All das ist der Grund, weshalb Leidenschaft als solche als "politisch unkorrekt" gilt: Es scheint zwar alles erlaubt zu sein, aber Verbote werden lediglich verdrängt. Man denke an die Festgefahrenheit der Sexualität oder der Kunst heutzutage: Gibt es etwas Langweiligeres, Opportunistischeres oder Nutzloseres, als dem Gebot des Super-Ego zu folgen, ständig neue künstlerische Grenzgänge und Provokationen zu ersinnen (der Performancekünstler masturbiert auf der Bühne oder fügt sich in masochistischer Absicht Schnittwunden zu; ein Bildhauer stellt verwesende Tierkörper aus oder menschliche Exkremente . . .) oder sich auf immer "gewagtere" Formen der Sexualität einzulassen? Aus einigen "radikalen" Zirkeln in den USA kam kürzlich der Vorschlag, die Rechte von Nekrophilen (Sex mit Toten) zu "überdenken" - warum sollte man sie ihnen entziehen? Deshalb wurde die Idee geboren, dass man, ebenso wie man seinen Körper für medizinische Zwecke zur Verfügung stellt, per Dekret veranlassen kann, dass Nekrophile damit spielen können.

Am heutigen Markt finden wir eine ganze Reihe von Produkten, die von ihren negativen Eigenschaften befreit wurden: Kaffee ohne Koffein, Schlagsahne ohne Fett, Bier ohne Alkohol . . . Und die Liste lässt sich fortsetzen: Was ist beispielsweise mit virtuellem Sex als Sex ohne Sexualität? Was mit Colin Powells Doktrin vom Krieg ohne Tote (natürlich nur auf unserer Seite), nämlich ein Krieg, ohne Krieg zu führen, oder mit der modernen Redefinition von Politik, die als die Kunst der Verwaltung durch Experten zu verstehen ist, als Politik ohne Politik? Das reicht bis zum Glauben light - ein Glaube, der niemandem wehtut und dem wir selbst nicht einmal voll verpflichtet sind.

Zwei Aspekte machen heute eine tolerante, liberale Einstellung gegenüber den anderen aus: einerseits der Respekt vor und die Offenheit gegenüber dem Anderssein UND zweitens die große Angst vor Belästigung - kurz gesagt: Der andere ist okay, solange seine Gegenwart nicht unangenehm ist, solange der andere nicht tatsächlich anders ist . . . Genau das kristallisiert sich immer mehr als zentrales "Menschenrecht" der spätkapitalistischen Gesellschaft heraus: nämlich das Recht, nicht belästigt zu werden, zum Beispiel in sicherer Distanz zu den anderen gehalten zu werden.
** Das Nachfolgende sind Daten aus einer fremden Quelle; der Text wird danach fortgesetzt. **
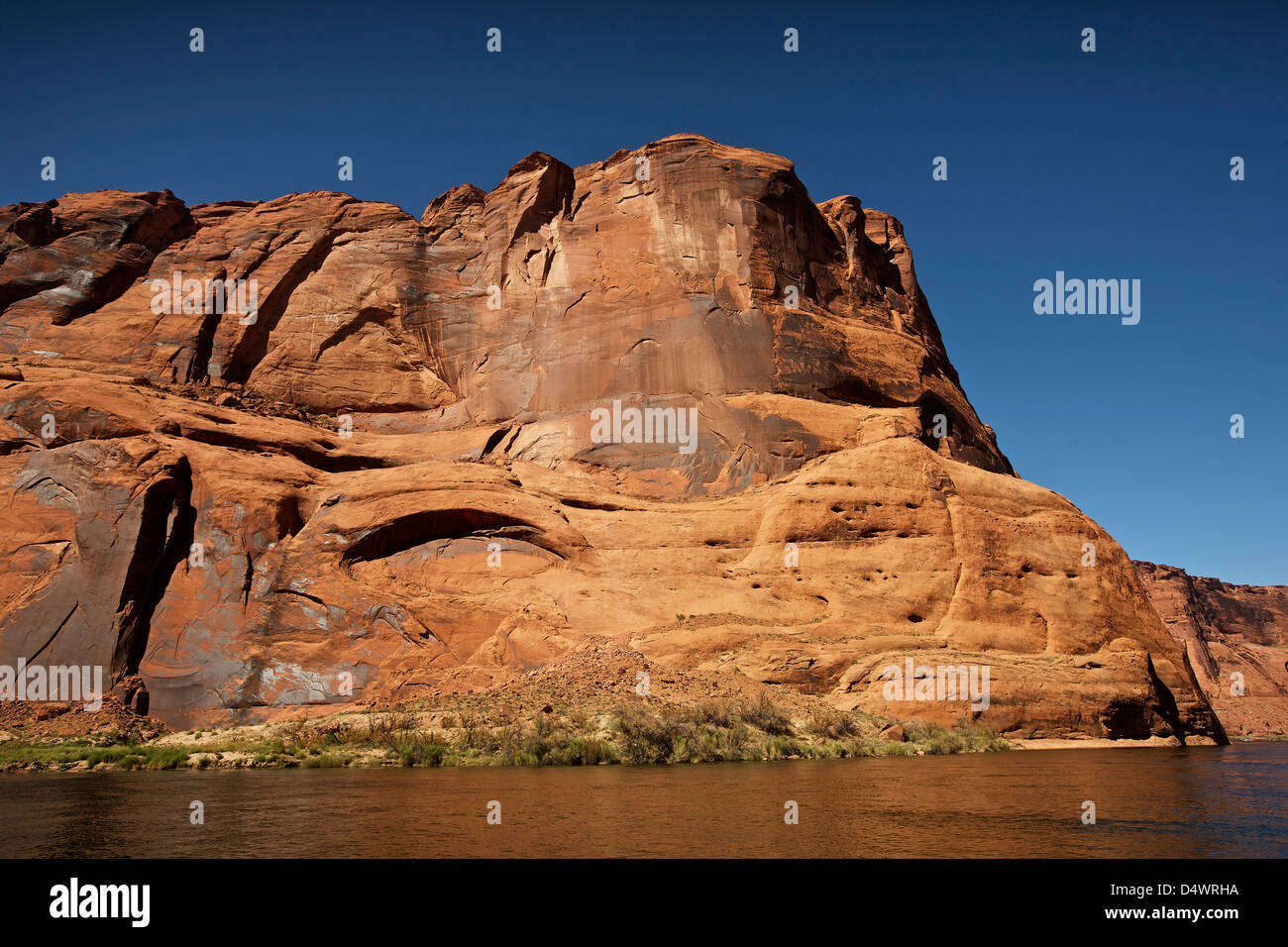 1000ft alte scogliere guardia del fiume Colorado in prossimità di fecce traghetto, Arizona. Foto Stock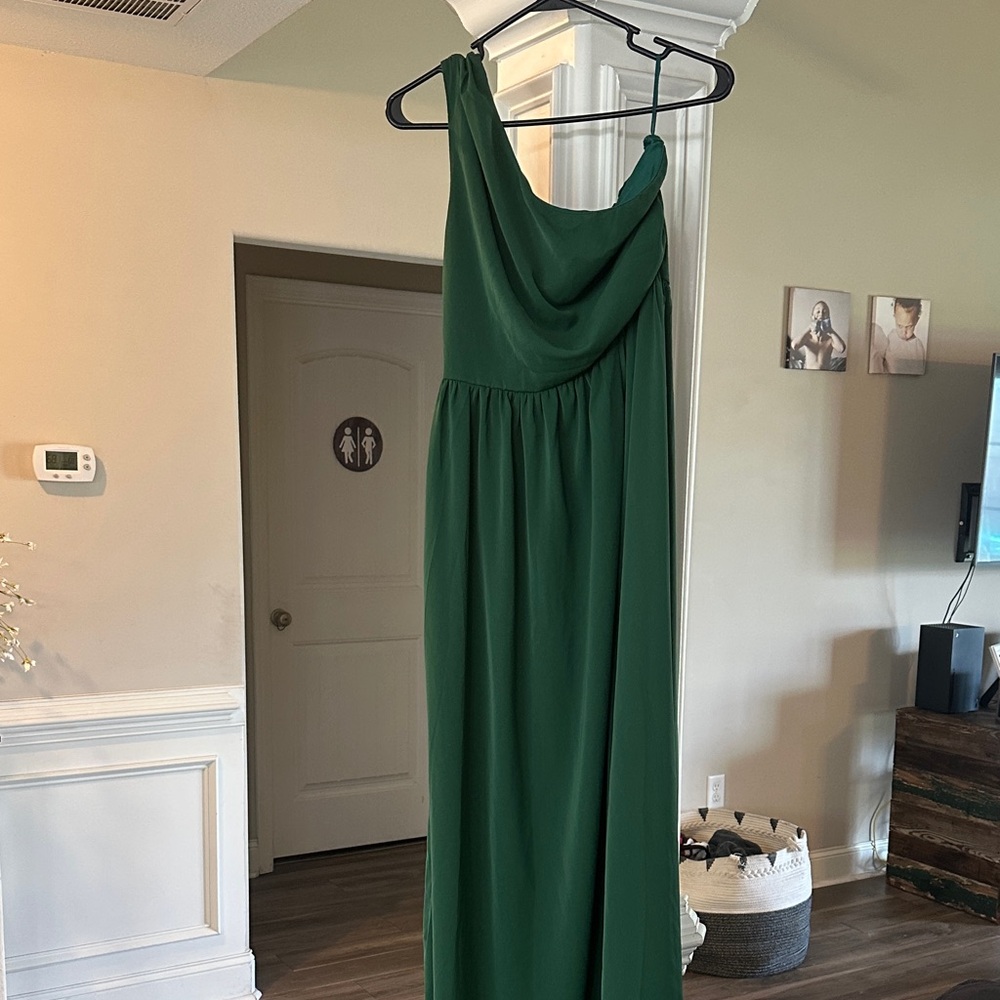 Green One-Shoulder Maxi Dress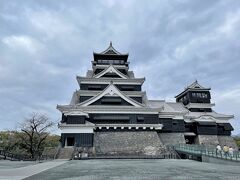 熊本城 天守閣！なかなか立派です。再建されたものですが、熊本地震で大きな被害を受けましたが、やっと観光客の受け入れもできるまでに復興しました。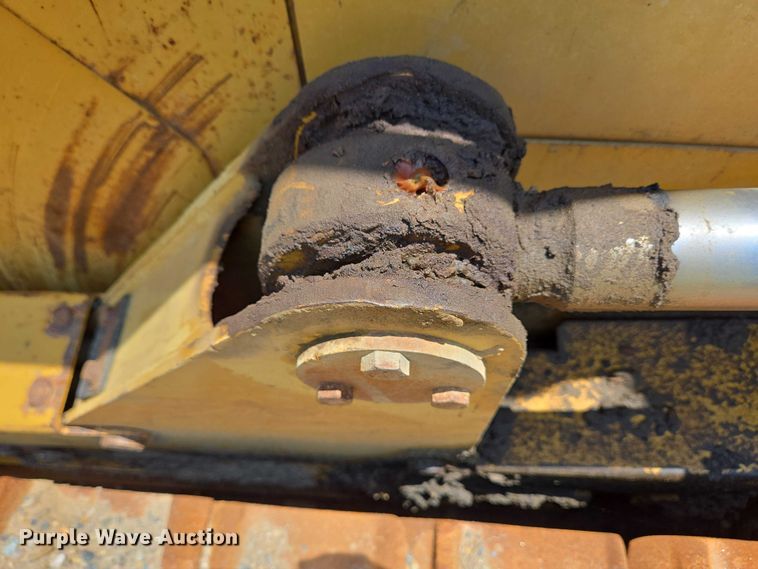 image for item YA0621 2008 Caterpillar D6K LGP dozer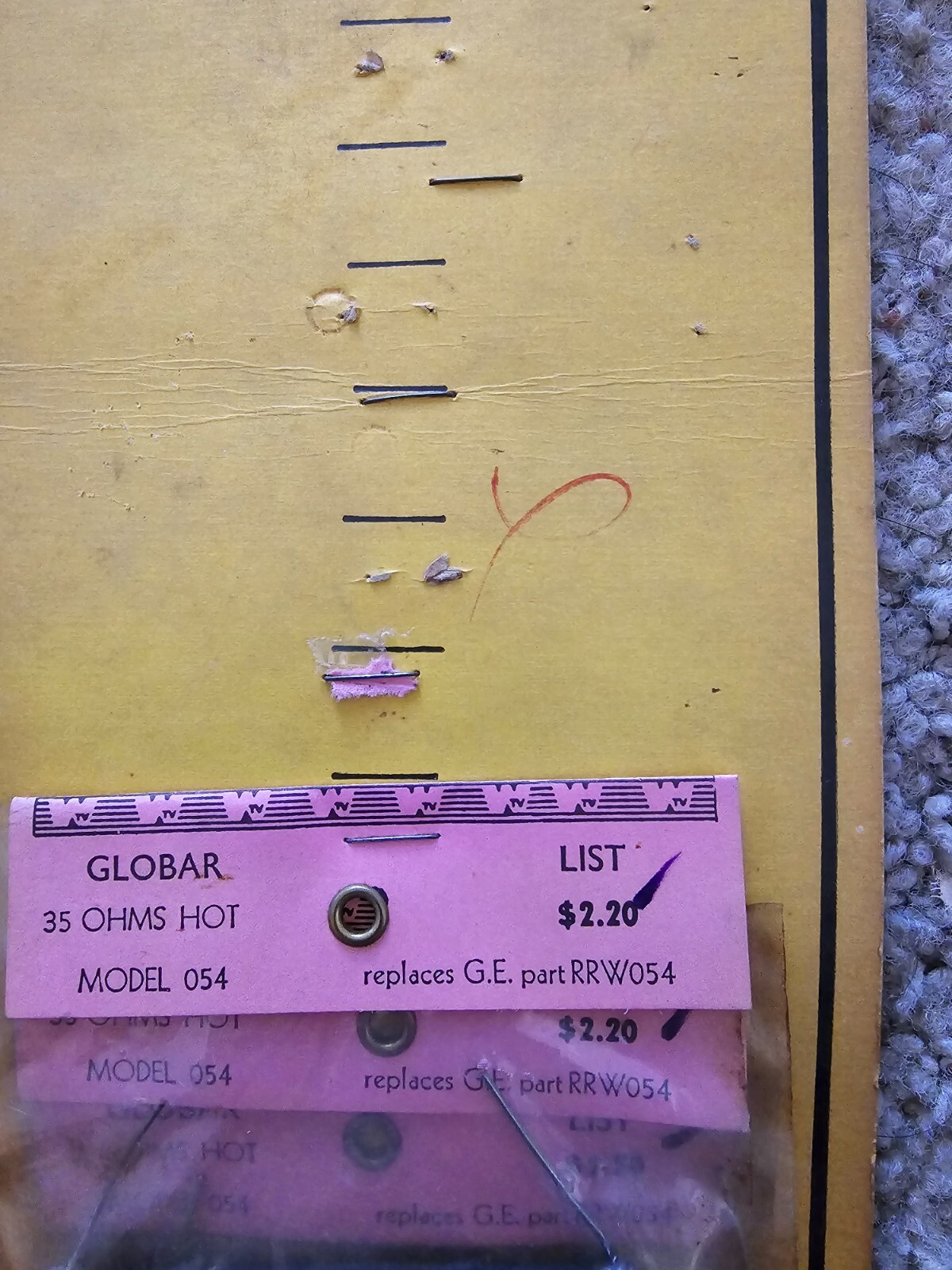 Globar Filament Resistor Model 054 – Lot of 6 NOS On Hanging Displays – 35 Ohms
Eine ähnliche Struktur ist darin erkennbar, wie wir mit kapitalistischer Geschäftemacherei umgehen: Es ist in Ordnung, solange es mit Wohltätigkeitsaktionen Hand in Hand geht, welche die Effekte mildern - zuerst werden Milliarden angehäuft, dann gehen sie - teilweise - zurück an die, die es brauchen . . . Nämliches gilt für den Krieg, für die immer häufiger propagierte Logik eines humanitären oder pazifistischen Militarismus: Einen Krieg zu führen ist okay, solange das tatsächlich zu Frieden und Demokratie führt oder solange zumindest Bedingungen geschaffen werden, unter denen humanitäre Hilfe gewährt werden kann.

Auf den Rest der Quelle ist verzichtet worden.